- **Problem statement**: Retype the data below verbatim; pictures do not belong in the copy.

- **Data block**:
* * * * *
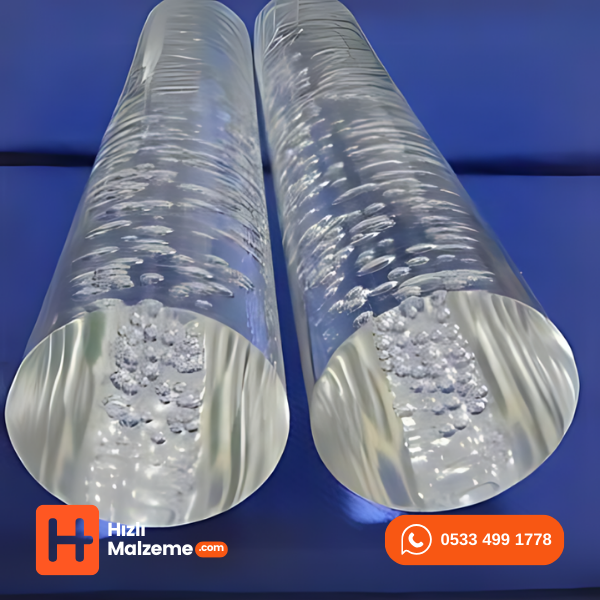Akrilik Yuvarlak Köpüklü Çubuk Şeffaf 2 Metre Boy 30 mm Çap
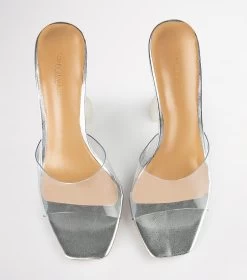 Serri Clear Vinylite/Silver Heels -Tony Bianco Sales serrin clear vinylite silver tony bianco heels 1288 3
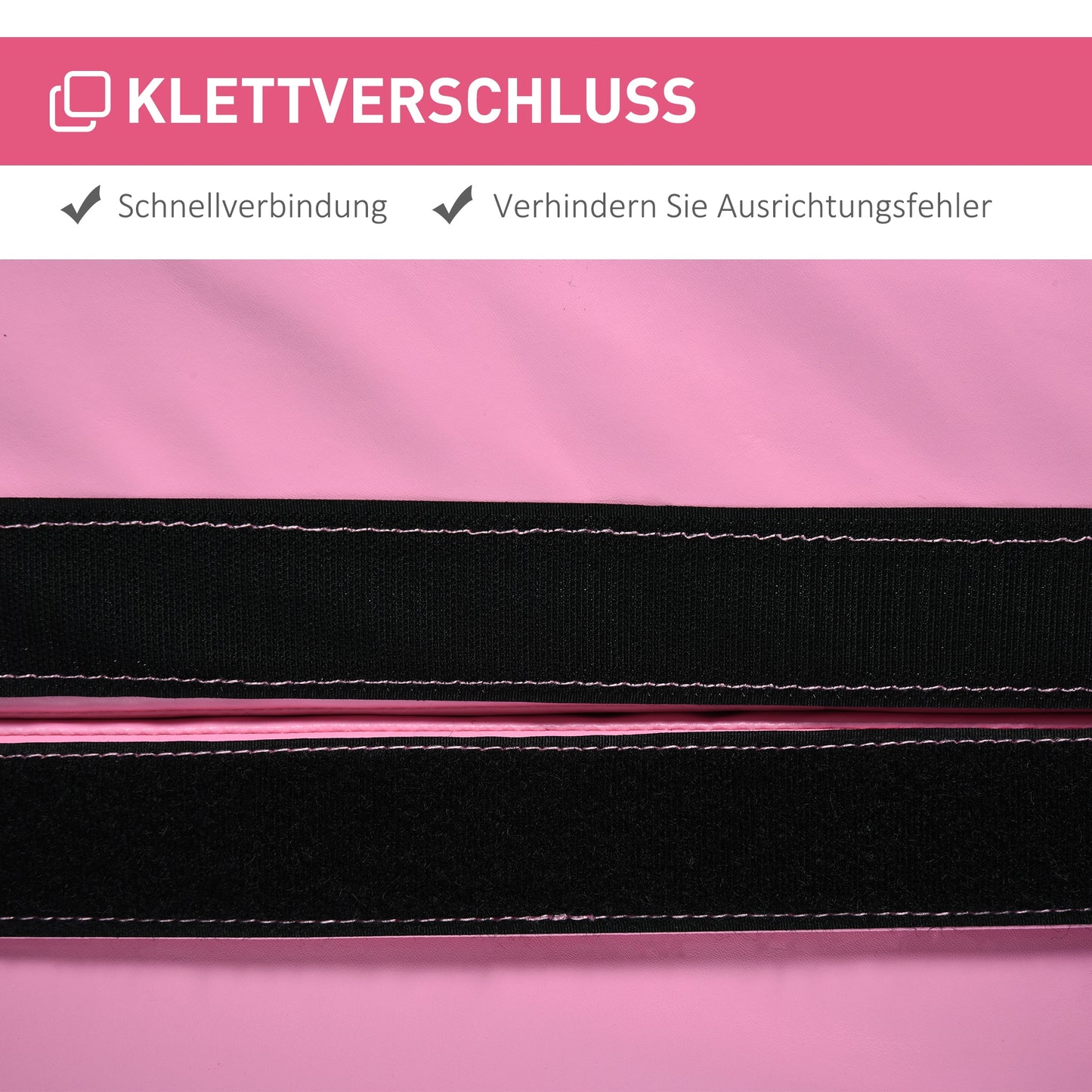 HOMCOM Pole-Dance-Matte, 5 cm dicke runde Kunststoff-Matte für Pole-Dance-Übungen, Gymnastik, Yoga, Rosa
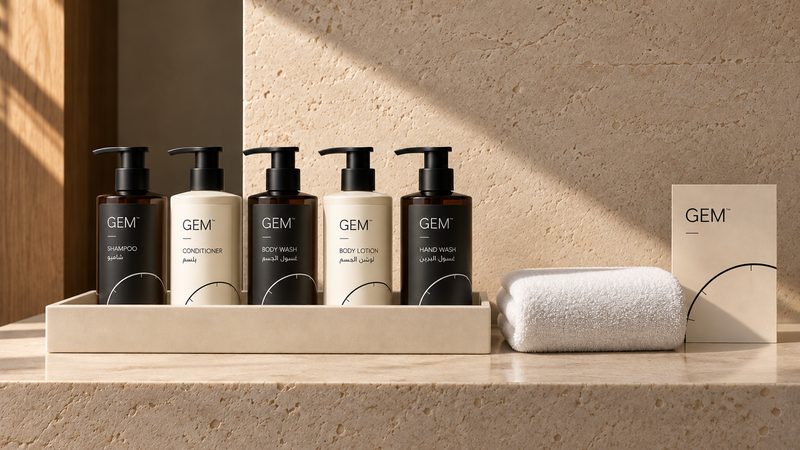 Concept image: five GEM bottles (shampoo, conditioner, body wash, body lotion, hand wash) in a tray on a stone shelf beside a folded towel and a cream card.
* * * * *
- **The answer**:
Akrilik Yuvarlak Köpüklü Çubuk Şeffaf 2 Metre Boy 30 mm Çap
 Serri Clear Vinylite/Silver Heels -Tony Bianco Sales serrin clear vinylite silver tony bianco heels 1288 3
 HOMCOM Pole-Dance-Matte, 5 cm dicke runde Kunststoff-Matte für Pole-Dance-Übungen, Gymnastik, Yoga, Rosa
 Concept image: five GEM bottles (shampoo, conditioner, body wash, body lotion, hand wash) in a tray on a stone shelf beside a folded towel and a cream card.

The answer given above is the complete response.